Document Type



Intellectual Property Law


Patents vary substantially in the degree of protection provided against unauthorized imitation. In this chapter we explore a range of work addressing the economic and policy implications of "weak" patents--patents that have a significant probability of being overturned or being circumvented relatively easily---on innovation and disclosure incentives, antitrust policy, and organizational incentives and entrepreneurial activity.

Weak patents cause firms to rely more heavily on secrecy. Thus, the competitive environment is characterized by private information about the extent of the innovator's know-how. In such an environment weak patents increase the likelihood of imitation and infringement, reduce the amount of knowledge publicly disclosed, and potentially reduce the incentives to innovate.
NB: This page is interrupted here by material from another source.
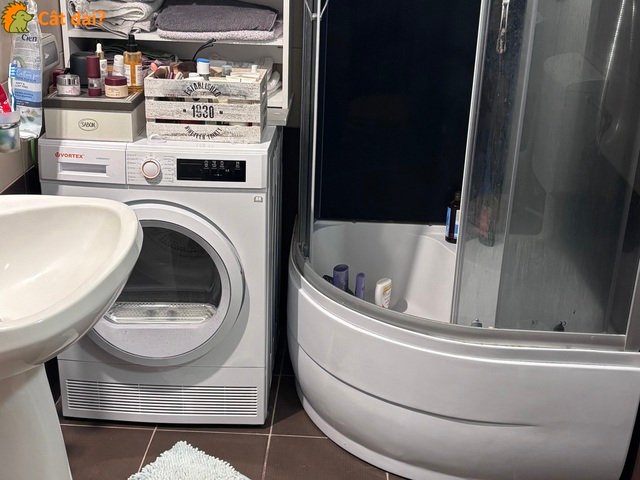 Apartament cu 3 camere de vanzare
The discussion also highlights some implications of weak patents for antitrust policy. Weak patent rights increase the likelihood of patent litigation over commercially valuable patents and raise the specter of anticompetitive settlements. Encouraging the antitrust agencies to refer some patents for re-examination by the patent office would facilitate investigation of potentially anticompetitive IP settlements.
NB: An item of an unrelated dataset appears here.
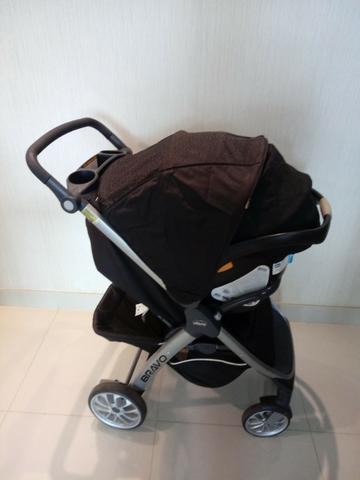 Carrinho Chicco Bravo com Bebe Conforto e Base - Foto 2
Finally, we note some implications for weak property rights in settings involving employee-inventors and employee misuse of confidential information. In the former case an increase in the strength of legal property rights such as patents reduces the employer's ability to prevent employees departing with valuable know-how, in part because a stronger property right increases the value of the employee's start-up option. In the latter case, an increase in legal penalties for breach of confidentiality has the expected effect of decreasing such occurrences.